[DATA PROVIDED]
BEGIN

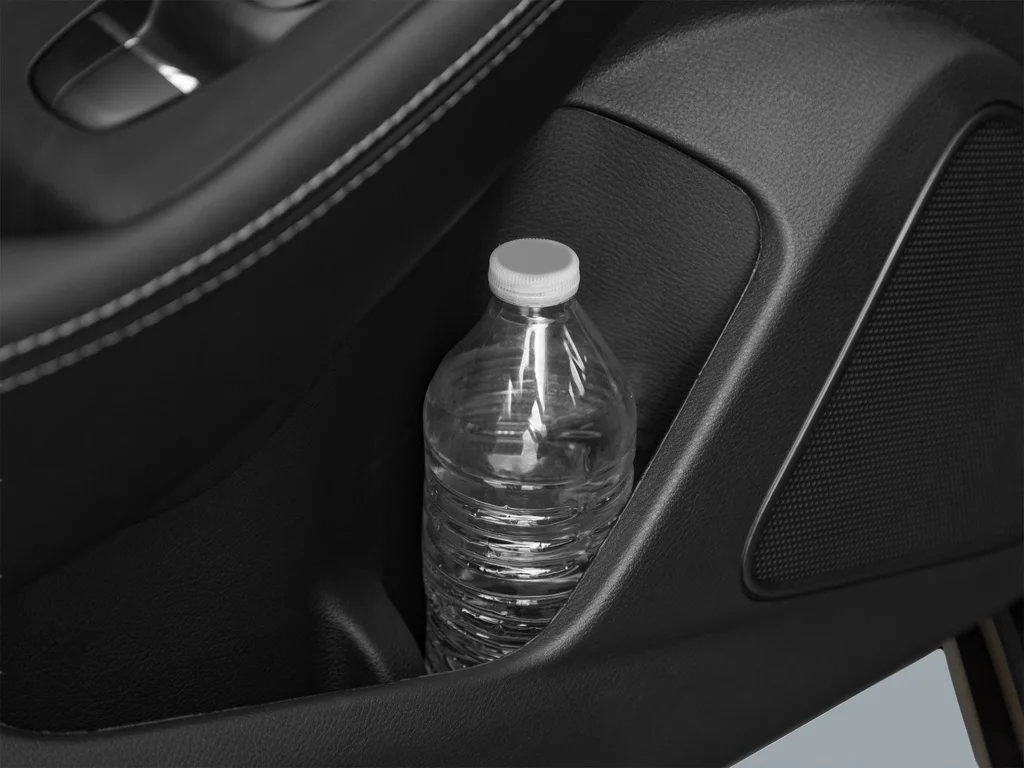 Used 2022 Gray Nissan Platinum image 30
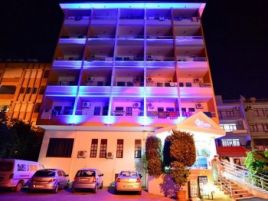 ARSI HOTEL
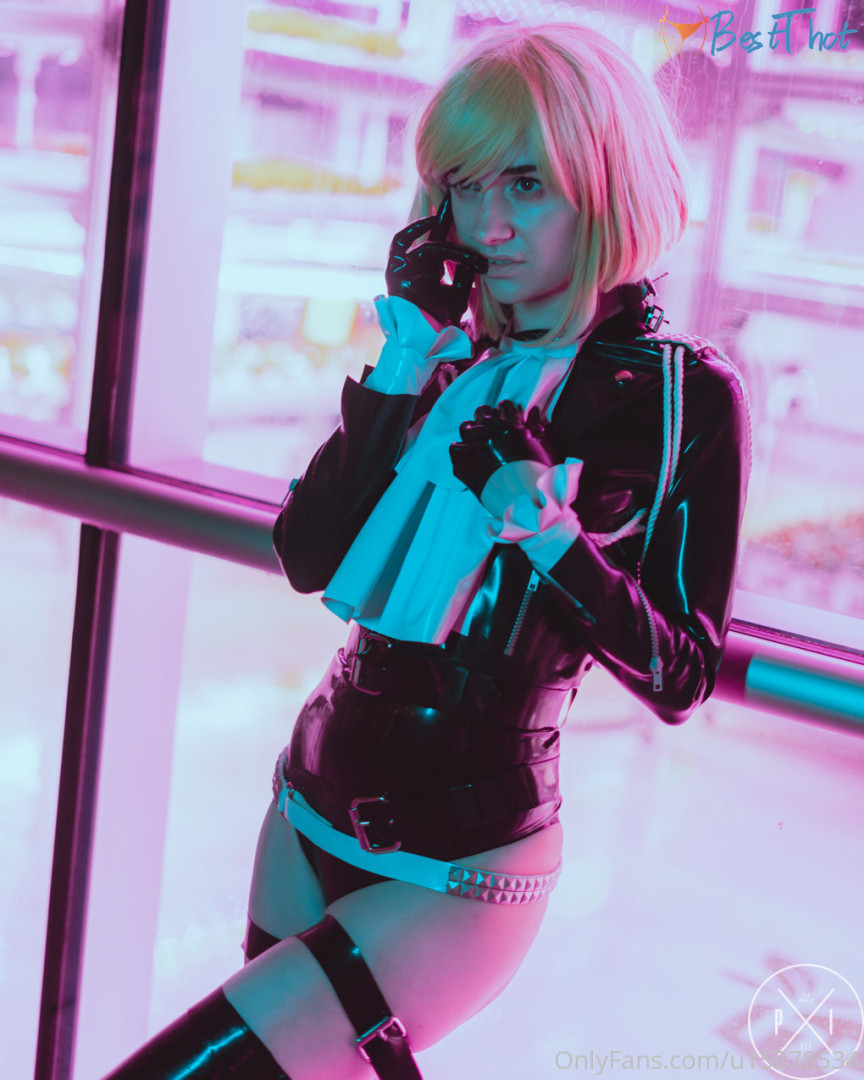 Photo by poisonne published on January 25,2025 19:00:13 - BestThots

END

[DESCRIPTION OF THE TASK]
Set the listing down again exactly, skipping each picture.

[ANSWER BOX]
 Used 2022 Gray Nissan Platinum image 30
 ARSI HOTEL
 Photo by poisonne published on January 25,2025 19:00:13 - BestThots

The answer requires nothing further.